Data Splitting Utilities

This module contains utility functions for splitting datasets into smaller datasets. One primary use case for this is to run sections of the pipeline in an auto parallel manner.

Note that it is critical that all data splitting utility functions are definied in this module; easylink will not be able to find them otherwise.

easylink.utilities.splitter_utils.split_data_by_size(input_files, output_dir, desired_chunk_size_mb)[source]

Splits the data (from a single input slot) into chunks of desired size.

This function takes all datasets from a single input slot, concatenates them, and then splits the resulting dataset into chunks of the desired size.

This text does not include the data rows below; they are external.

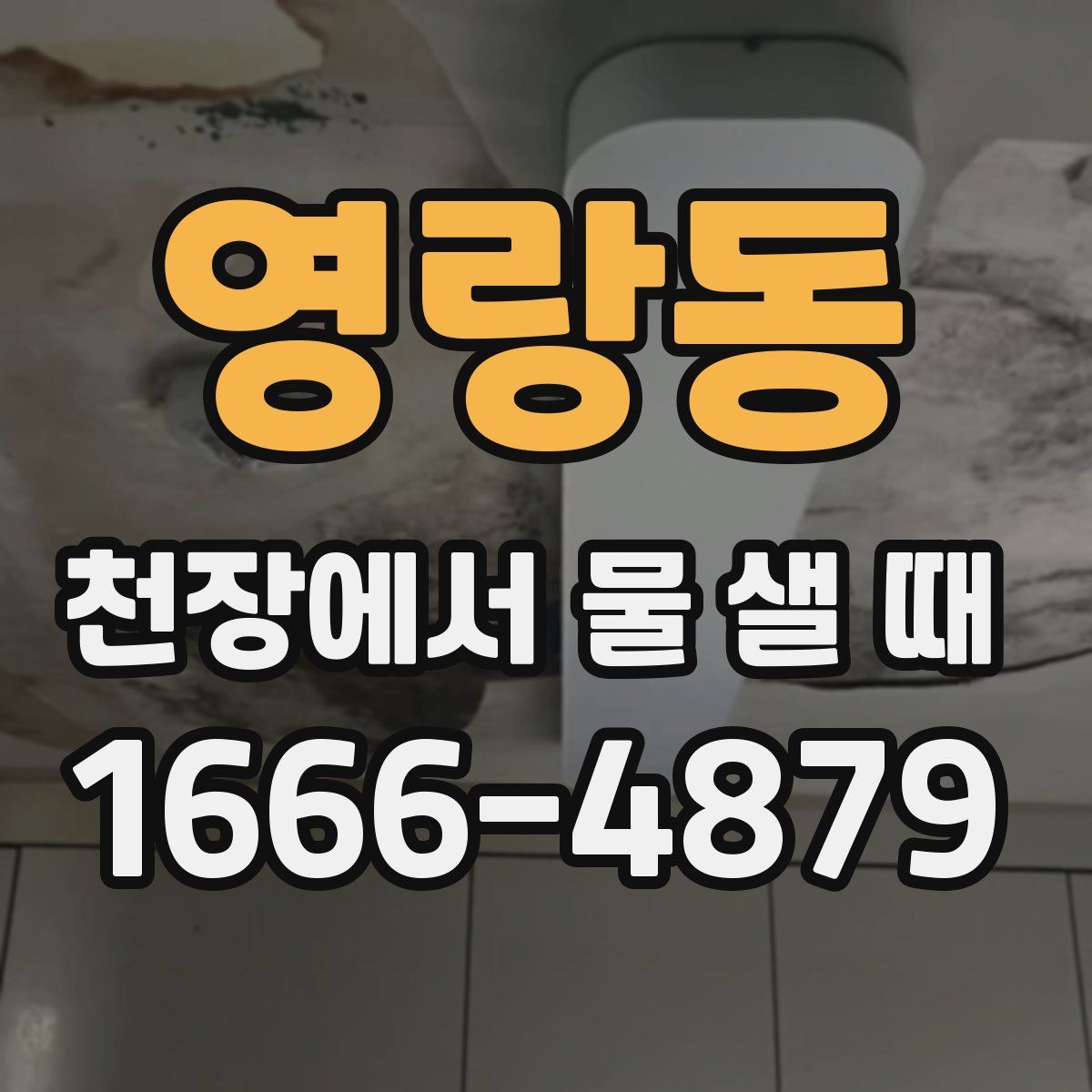 영랑동 천장에서 물 샐 때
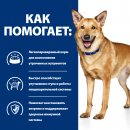 Hill's Prescription Diet Gastrointestinal i/d Консервы для собак при расстройствах пищеварения, жкт, с индейкой, 360г.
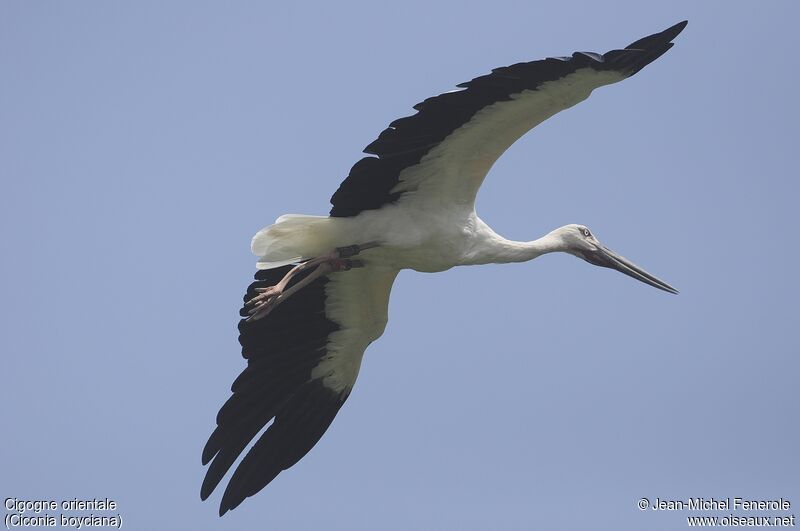 Oriental Stork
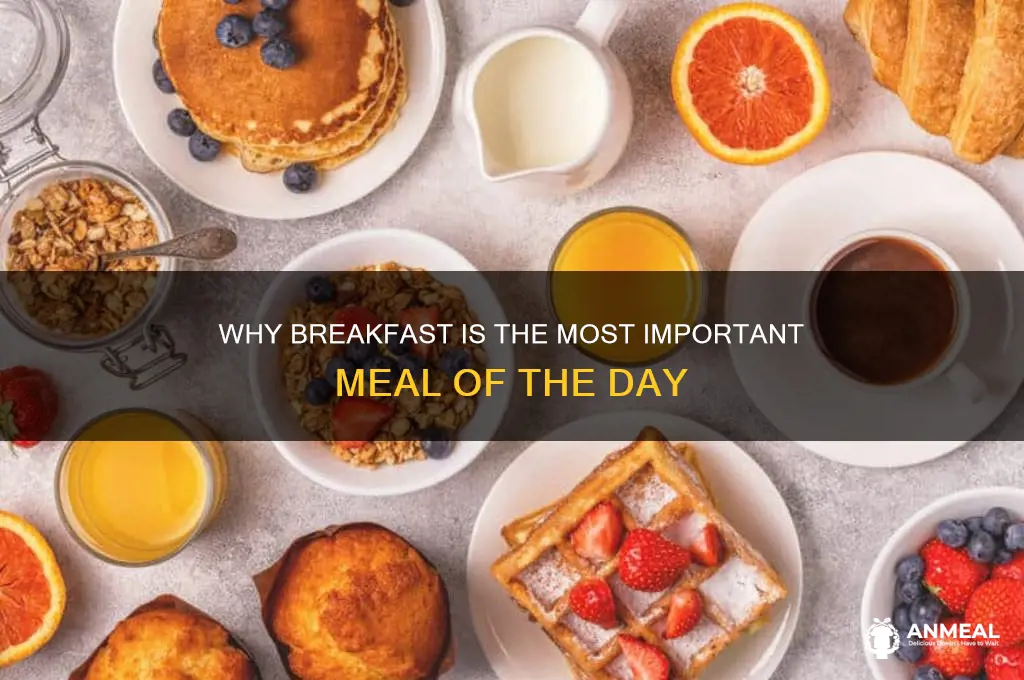 what is breakfast the most important meal of the day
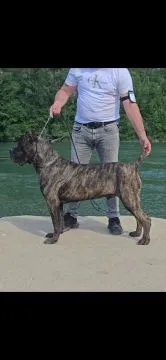 Cane Corso Piękne zarejestrowane suczka na sprzedaż, Mazowieckie, Warszawa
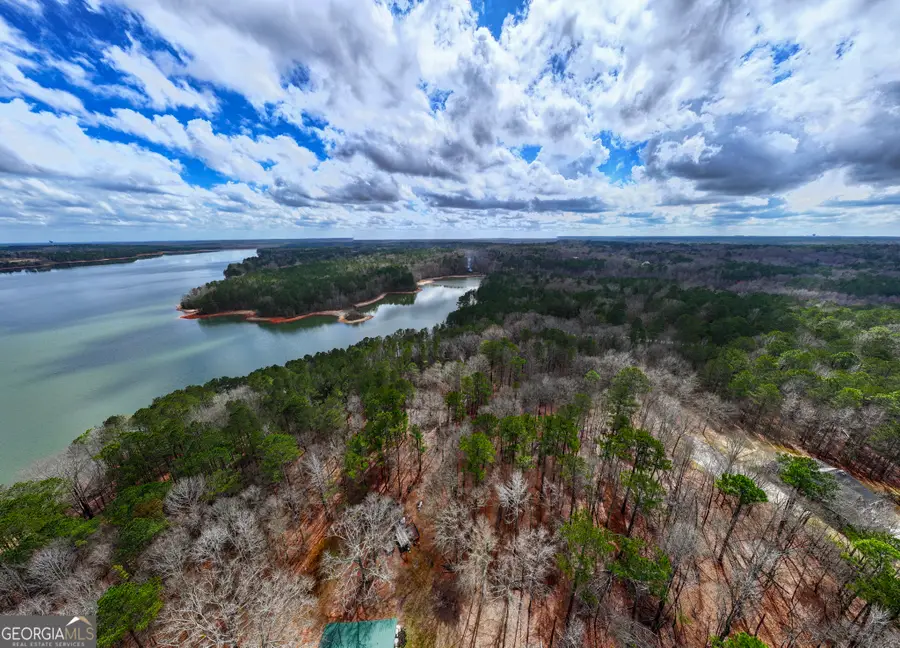 3 ACRES Happy Hollow Road, Hampton, GA 30228 - #3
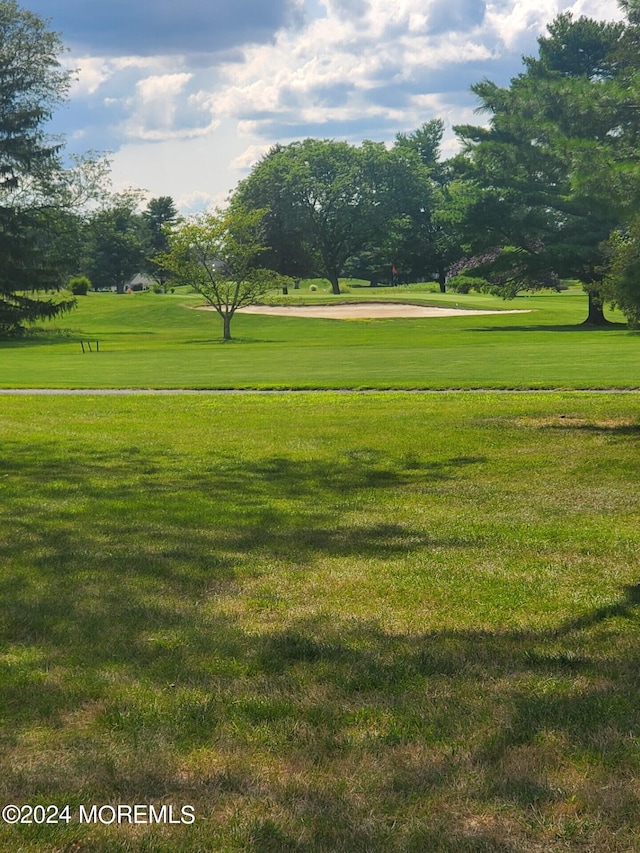 view of community with a yard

Note that this will split the data as evenly as possible, but the final chunk may be smaller than the desired size if the input data does not divide evenly; it makes no effort to redistribute the lingering data.

Return type:

None

Parameters:

input_files (list[str]) – A list of input file paths to be concatenated and split.
output_dir (str) – The directory where the resulting chunks will be saved.
desired_chunk_size_mb (int | float) – The desired size of each chunk, in megabytes.

easylink.utilities.splitter_utils.split_data_in_two(input_files, output_dir, *args, **kwargs)[source]

Splits the data (from a single input slot) into two chunks of equal.

This function takes all datasets from a single input slot, concatenates them, and then splits the resulting dataset into two chunks of similar size.

Return type:

None

Parameters:

input_files (list[str]) – A list of input file paths to be concatenated and split.
output_dir (str) – The directory where the resulting chunks will be saved.
desired_chunk_size_mb – The desired size of each chunk, in megabytes.